SpaceX's road to landmark IPO filing

SpaceX's IPO filing reveals plans to raise $75 billion, targeting a near $2 trillion valuation. The document details its diverse empire spanning satellites, AI, and future space ventures. Investors will focus on Musk’s control structure and ambitious multi-planetary goals.

SpaceX's road to landmark IPO filing

May 21 : SpaceX's IPO filing finally revealed the finances behind a company aiming to dominate industries ranging from rockets and satellites to AI and data centers.

Led by billionaire CEO Elon Musk, the world's most valuable private company is aiming to raise $75 billion at a valuation nearing $2 trillion - potentially the largest IPO ever.

The filing, released late Wednesday, also confirmed a series of recent Reuters reports on the offering.

Following are some key themes investors are most likely to focus on:

THE VALUATION PUZZLE

The IPO has exposed the difficulty of placing a price tag on SpaceX, whose mix of profitable satellite operations and costly futuristic ventures has few parallels in public markets.

Investors buying into SpaceX's IPO are making a high-stakes wager that CEO Musk can turn a fast-growing satellite business into something far bigger, using an unproven rocket to fuel an ambitious expansion into AI.

CONCENTRATION OF CONTROL WITH MUSK

The disclosures provide Wall Street with one of its clearest views yet into the so-called "Muskonomy" - the billionaire's tightly linked corporate empire spanning cars, AI, social media and space.

SpaceX has adopted corporate governance policies that will erode typical shareholder protections.
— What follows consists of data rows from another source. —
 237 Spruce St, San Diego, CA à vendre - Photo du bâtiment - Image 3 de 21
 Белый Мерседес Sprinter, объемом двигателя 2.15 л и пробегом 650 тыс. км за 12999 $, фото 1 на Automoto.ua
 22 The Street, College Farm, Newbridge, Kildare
Musk will retain 85.1 per cent of the combined voting power of the company, the filing showed. It will use a dual-class share structure that gives Class B shareholders 10 votes each, concentrating control with Musk and a handful of other insiders, while Class A shares sold to public investors will carry one vote each, the prospectus showed.
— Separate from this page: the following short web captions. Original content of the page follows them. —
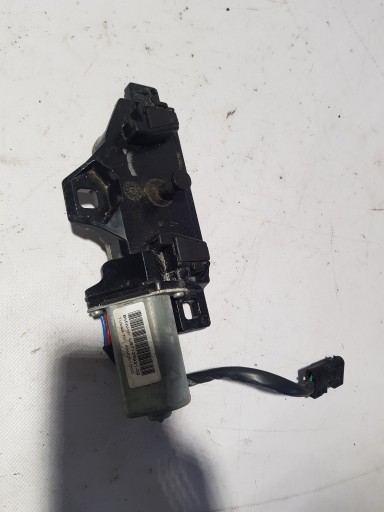 lock bonnet BMW E61 US7129931 489051060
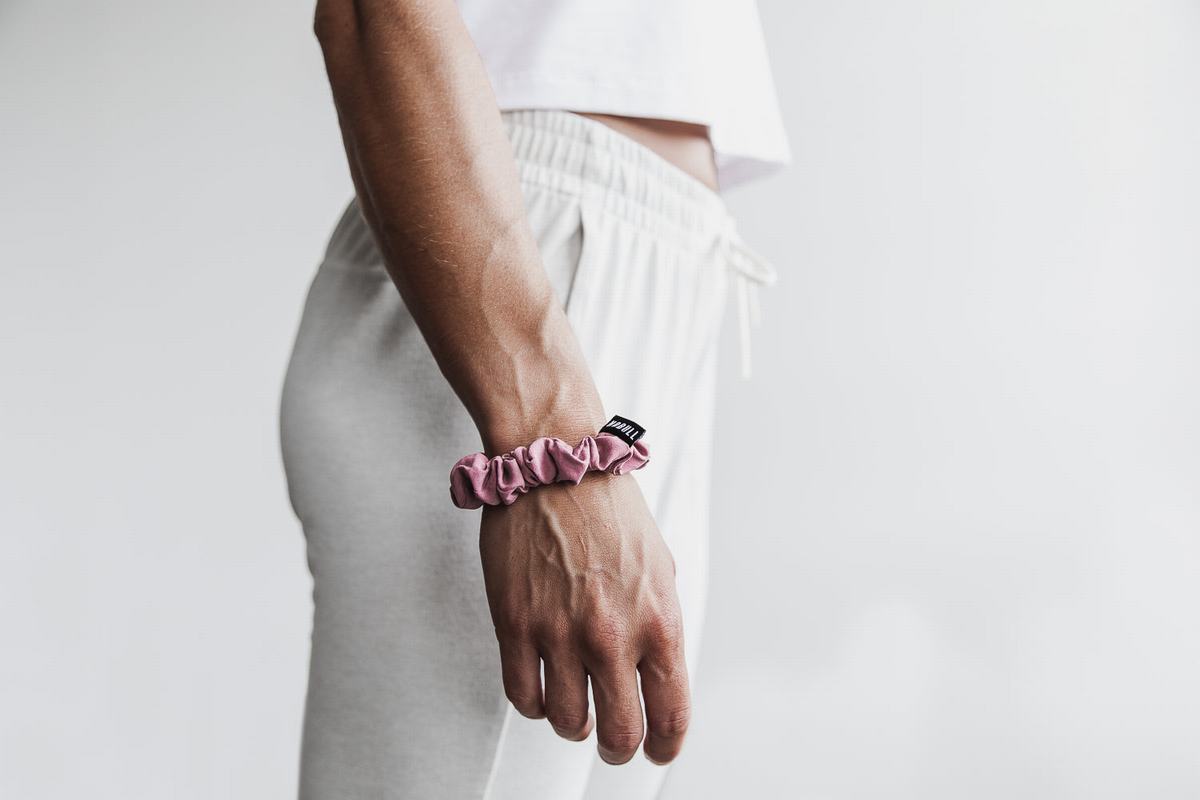 Chouchou Nobull Scrunchie Femme Rose Foncé | TE3079462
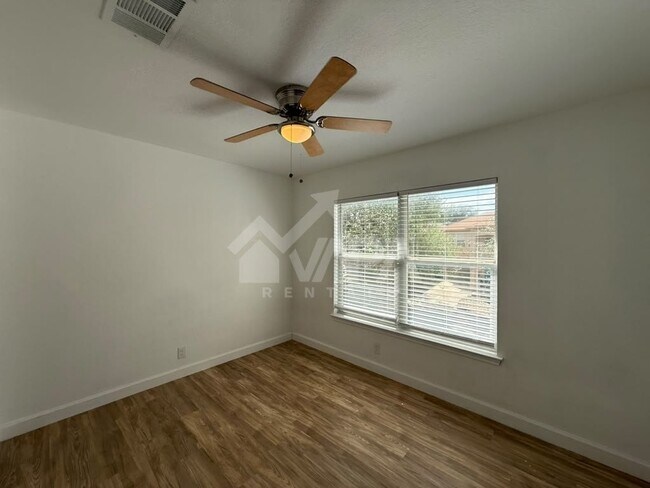 Building Photo - 10135 Ranger Canyon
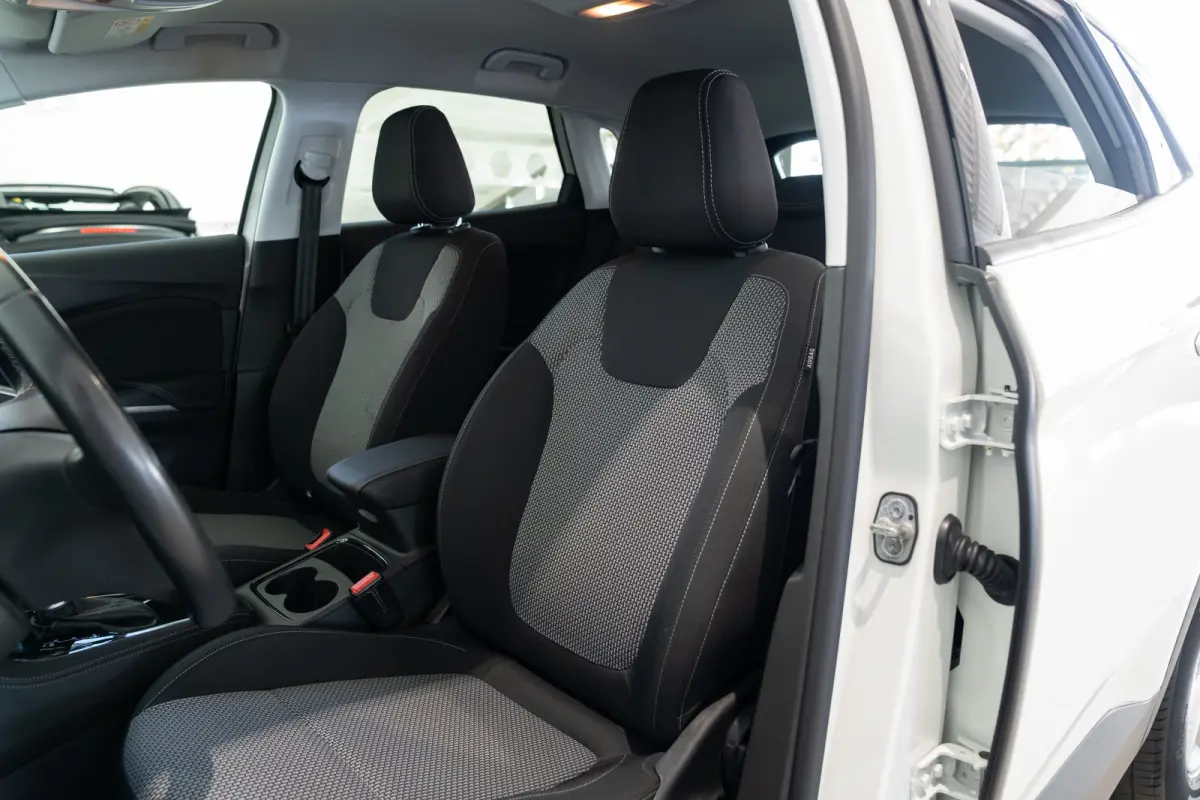 1.2 Turbo Edition Automaat | Apple Carplay & Android Auto | Parkeersensoren | Cruise Controle | Lichtmetalen velgen |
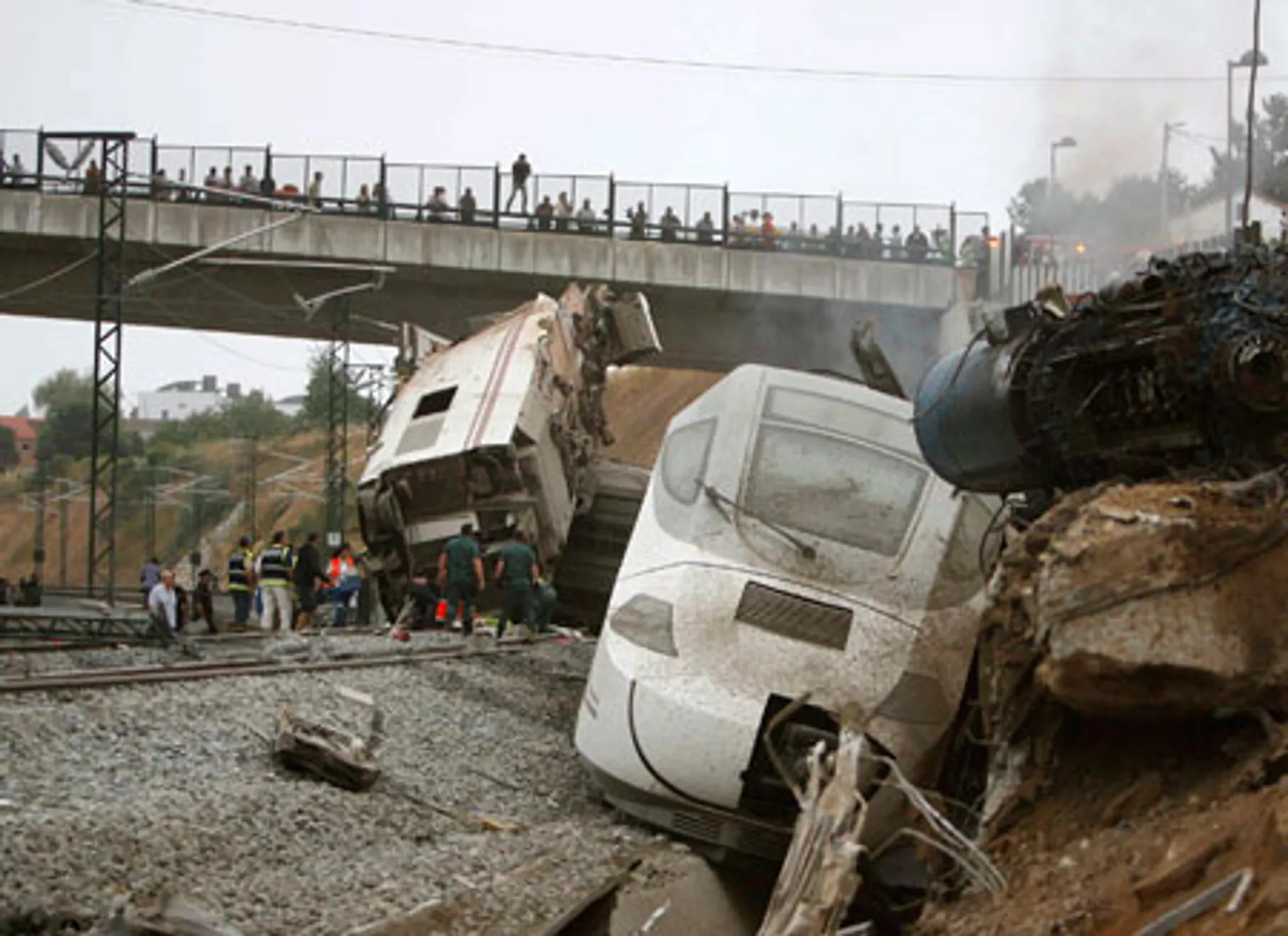 Капитал - Выявлена причина крушения поезда в Испании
FROM SATELLITES AND ROCKETS TO AI

SpaceX dominates the market for low-Earth orbit satellites used to deliver internet and communications through its Starlink service. The filing comes in a critical week for the rocket maker, which is preparing for a test flight of its next-generation Starship rocket on Thursday.

Of SpaceX's three divisions, only the connectivity segment powered by Starlink was profitable in the first three months of the year.
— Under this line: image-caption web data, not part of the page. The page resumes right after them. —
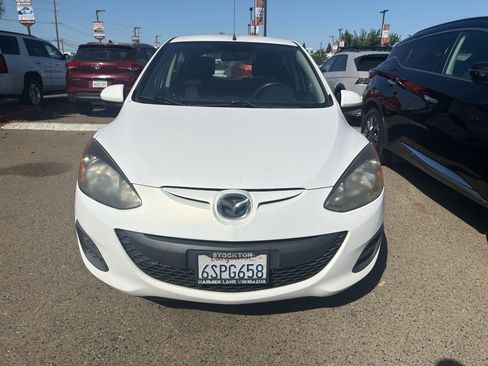 Used 2011 MAZDA MAZDA2 Sport FWD image 2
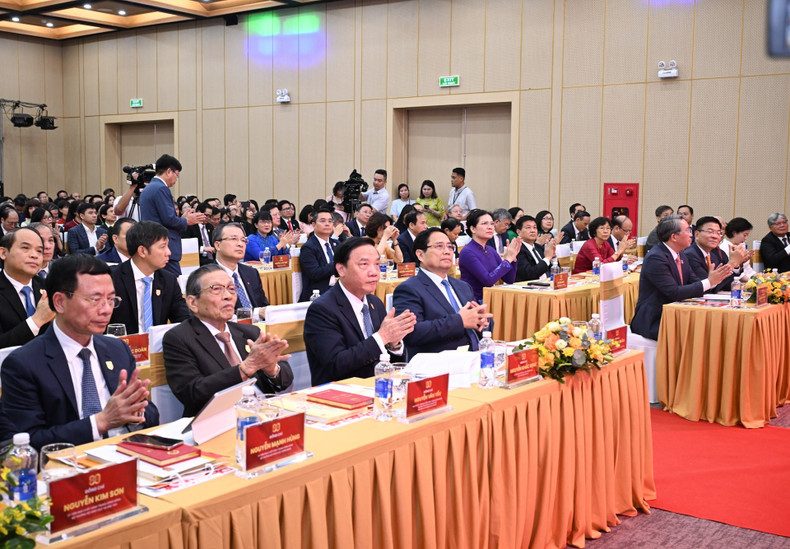 Prime Minister Pham Minh Chinh and delegates attend the 80th anniversary celebration of the Justice Sector's Traditional Day. 250825-tt-2.jpg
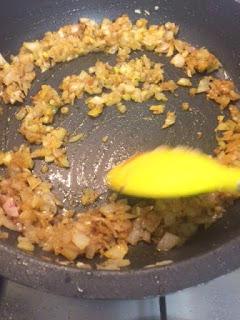 POLLO HINDÚ CON MANTEQUILLA POLLO HINDÚ CON MANTEQUILLA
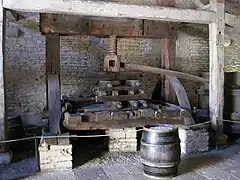 Pressoir en pierre et à vis (XVIIIe&nbsp;siècle).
The acquisition of xAI transformed SpaceX into a far more AI-focused company, but also intensified its spending, with the business accounting for 76 per cent of the company's $10.1 billion in capital expenditure during the first quarter.

FUTURISTIC BETS

SpaceX outlined ambitions stretching beyond rockets and satellites, naming asteroid mining, space-based manufacturing and lunar and Martian energy production as possible future markets.

SpaceX said in the prospectus that its mission is "to build the systems and technologies necessary to make life multiplanetary."

MARKET IMPACT: IPO AND BEYOND

If SpaceX reaches its targeted valuation, it would instantly force a rethink of Wall Street's coveted "Magnificent Seven" club of trillion-dollar tech giants.

On Wall Street, banks leading the IPO stand to collect a windfall in underwriting fees if the offering is completed at its targeted size. The deal is also a coup for Nasdaq, where SpaceX plans to list.

For the IPO market, bankers and industry experts warn the deal could absorb an outsized share of investor attention and market liquidity, potentially squeezing out other hopefuls.